Fig. 11. Evaluation of completion parameters for optimized net present value (Shelly et al., 2012).

○ Proppant availability can drive selection choices in periods of high demand. In addition, high demand may promote an influx of inferior proppant quality within all three proppant tiers. ○ Fluid selection can drive proppant selection – when using low viscosity fluids, smaller proppant sizes will be required due to poor proppant transport and narrow pumping widths, while high viscosity fluids create wider fracs and can transport larger sized proppant, allowing for more conductivity to be placed. ○ Conductivity requirements typically drive proppant selection, and are impacted by downhole flowing conditions which must be accounted for with sophisticated fracture models.  In unconventional reservoirs, these include Non-Darcy and multiphase flow, flow convergence of transverse fractures near the wellbore, low proppant concentrations, higher temperatures and embedment to name a few.  Despite their low permeability, in most unconventional reservoirs hydraulic fractures are conductivity limited, meaning that an increase in conductivity will yield an increase in production. ○ Proppant selection is ultimately driven by a cost-benefit analysis, called Economic Conductivity, which should be used to select the proppant that provides the optimal combination of conductivity benefits (increased production and EUR) and cost.

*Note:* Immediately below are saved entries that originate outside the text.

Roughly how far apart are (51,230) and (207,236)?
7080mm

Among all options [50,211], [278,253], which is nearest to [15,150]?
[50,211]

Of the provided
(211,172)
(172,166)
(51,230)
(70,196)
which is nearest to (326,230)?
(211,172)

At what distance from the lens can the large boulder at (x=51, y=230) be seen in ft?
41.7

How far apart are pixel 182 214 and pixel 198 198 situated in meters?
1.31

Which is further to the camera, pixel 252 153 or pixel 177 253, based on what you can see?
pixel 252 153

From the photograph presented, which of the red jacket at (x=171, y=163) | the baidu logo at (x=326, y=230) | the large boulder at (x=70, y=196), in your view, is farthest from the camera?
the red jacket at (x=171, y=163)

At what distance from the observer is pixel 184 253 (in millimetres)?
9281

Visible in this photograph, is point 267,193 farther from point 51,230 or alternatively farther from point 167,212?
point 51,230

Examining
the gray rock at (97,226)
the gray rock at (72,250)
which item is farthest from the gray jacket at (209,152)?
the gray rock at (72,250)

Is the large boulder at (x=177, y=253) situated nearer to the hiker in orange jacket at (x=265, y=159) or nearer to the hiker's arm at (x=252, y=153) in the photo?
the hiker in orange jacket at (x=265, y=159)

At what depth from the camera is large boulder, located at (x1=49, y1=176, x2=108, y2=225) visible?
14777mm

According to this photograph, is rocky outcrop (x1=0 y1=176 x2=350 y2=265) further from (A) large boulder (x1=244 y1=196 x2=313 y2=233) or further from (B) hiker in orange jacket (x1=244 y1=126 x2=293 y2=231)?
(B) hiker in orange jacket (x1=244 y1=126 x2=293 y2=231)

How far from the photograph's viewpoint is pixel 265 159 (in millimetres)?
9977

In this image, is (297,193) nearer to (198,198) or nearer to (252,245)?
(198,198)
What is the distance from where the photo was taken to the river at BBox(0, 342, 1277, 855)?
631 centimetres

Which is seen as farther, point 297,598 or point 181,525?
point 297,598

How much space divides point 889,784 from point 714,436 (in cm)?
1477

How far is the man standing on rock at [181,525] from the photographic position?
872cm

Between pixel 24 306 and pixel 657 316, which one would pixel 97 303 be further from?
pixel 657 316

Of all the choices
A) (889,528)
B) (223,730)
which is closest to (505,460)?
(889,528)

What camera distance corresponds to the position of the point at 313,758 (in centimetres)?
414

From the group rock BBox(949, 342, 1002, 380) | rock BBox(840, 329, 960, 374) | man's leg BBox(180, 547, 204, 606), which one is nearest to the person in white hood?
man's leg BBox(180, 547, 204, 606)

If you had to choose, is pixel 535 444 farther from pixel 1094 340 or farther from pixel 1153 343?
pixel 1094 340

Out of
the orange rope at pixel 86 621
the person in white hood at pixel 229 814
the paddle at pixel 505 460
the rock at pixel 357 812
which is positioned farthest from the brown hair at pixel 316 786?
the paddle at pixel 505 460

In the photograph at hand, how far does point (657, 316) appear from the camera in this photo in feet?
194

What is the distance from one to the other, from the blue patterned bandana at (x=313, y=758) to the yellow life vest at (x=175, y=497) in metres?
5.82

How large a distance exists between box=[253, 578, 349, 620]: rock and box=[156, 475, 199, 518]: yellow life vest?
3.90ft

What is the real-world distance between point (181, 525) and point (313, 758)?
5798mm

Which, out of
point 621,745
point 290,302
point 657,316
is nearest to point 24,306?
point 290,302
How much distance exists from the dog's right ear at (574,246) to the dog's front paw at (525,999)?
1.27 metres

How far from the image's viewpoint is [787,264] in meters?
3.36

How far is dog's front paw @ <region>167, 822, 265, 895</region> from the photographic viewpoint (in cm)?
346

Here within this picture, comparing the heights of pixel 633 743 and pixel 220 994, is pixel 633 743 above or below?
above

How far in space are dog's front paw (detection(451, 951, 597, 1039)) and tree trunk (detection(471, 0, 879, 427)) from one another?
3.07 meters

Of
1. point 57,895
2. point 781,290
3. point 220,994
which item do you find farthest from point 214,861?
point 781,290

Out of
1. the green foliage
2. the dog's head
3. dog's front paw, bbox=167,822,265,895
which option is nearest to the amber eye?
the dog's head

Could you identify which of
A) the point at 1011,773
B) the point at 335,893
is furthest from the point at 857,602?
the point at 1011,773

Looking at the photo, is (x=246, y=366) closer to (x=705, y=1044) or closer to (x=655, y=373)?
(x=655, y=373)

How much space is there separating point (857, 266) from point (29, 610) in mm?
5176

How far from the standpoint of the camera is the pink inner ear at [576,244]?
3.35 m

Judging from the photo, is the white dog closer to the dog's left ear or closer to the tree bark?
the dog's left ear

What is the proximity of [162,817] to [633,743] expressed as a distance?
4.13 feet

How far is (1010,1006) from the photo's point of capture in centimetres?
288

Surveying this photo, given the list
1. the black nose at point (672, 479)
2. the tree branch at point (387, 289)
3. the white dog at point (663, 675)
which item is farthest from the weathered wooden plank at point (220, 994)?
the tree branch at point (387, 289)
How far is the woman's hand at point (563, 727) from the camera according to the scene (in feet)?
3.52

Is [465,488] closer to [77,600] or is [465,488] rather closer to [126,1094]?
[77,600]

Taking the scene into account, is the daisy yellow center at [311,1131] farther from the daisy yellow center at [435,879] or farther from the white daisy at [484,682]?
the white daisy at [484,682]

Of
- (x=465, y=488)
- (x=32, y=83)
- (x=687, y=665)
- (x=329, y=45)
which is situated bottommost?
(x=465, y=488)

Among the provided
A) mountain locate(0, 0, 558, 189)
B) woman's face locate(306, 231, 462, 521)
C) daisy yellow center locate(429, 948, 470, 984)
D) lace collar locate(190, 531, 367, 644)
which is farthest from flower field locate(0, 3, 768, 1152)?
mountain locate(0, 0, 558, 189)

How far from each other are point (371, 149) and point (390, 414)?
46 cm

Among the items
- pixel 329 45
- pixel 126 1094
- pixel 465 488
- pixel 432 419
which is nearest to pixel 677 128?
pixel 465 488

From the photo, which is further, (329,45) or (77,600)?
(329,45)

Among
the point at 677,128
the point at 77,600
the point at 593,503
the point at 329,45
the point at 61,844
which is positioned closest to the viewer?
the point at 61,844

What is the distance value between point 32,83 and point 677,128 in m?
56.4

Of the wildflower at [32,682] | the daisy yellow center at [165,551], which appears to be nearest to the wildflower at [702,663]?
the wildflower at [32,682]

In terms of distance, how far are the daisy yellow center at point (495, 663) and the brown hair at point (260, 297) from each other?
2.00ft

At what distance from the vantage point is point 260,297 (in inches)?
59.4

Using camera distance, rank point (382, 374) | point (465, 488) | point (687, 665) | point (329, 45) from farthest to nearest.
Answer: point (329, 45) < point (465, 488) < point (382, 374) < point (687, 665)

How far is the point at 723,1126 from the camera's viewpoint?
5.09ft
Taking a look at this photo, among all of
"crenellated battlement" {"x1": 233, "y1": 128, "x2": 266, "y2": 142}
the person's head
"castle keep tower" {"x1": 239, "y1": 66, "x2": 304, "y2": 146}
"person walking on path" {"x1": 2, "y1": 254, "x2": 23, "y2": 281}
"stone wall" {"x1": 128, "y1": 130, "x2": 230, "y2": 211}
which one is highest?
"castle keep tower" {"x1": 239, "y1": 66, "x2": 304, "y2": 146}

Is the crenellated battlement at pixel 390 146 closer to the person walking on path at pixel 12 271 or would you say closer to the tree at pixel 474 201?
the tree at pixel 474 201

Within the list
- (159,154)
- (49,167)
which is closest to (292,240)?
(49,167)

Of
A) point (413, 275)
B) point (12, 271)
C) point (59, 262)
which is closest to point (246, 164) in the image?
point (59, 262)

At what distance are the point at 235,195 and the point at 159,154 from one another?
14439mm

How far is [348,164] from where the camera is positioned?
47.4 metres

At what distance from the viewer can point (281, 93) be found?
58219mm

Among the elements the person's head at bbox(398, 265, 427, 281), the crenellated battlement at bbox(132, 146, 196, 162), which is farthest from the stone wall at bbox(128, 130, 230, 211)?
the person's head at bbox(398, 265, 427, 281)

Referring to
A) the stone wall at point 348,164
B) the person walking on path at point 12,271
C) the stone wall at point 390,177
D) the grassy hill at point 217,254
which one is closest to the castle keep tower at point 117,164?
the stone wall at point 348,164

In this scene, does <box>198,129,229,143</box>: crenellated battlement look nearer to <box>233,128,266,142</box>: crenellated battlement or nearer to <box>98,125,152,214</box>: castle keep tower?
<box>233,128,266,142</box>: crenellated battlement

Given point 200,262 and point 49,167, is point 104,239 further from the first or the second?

For many, proppant selection in today's unconventional reservoirs is often driven by upfront cost saving opportunities. However, investments in conductivity have been demonstrated to payout early in the production life of the well and provide incremental value which will improve the production, EUR and the ultimate economics of the well. Data Driven modeling in the Bakken and other formations can be applied to quickly optimize completion and fracture treatment execution by utilizing data that is easily obtainable in horizontal well drilling, and to maximize the net present value of the well.

Fig. 12. Modeling of an existing Bakken well completion/performance. Incremental value and higher ROI realized by using higher conductivity proppant in original design. In addition, significant upside potential was observed when increased stages, crosslinked fluid and higher conductivity were employed.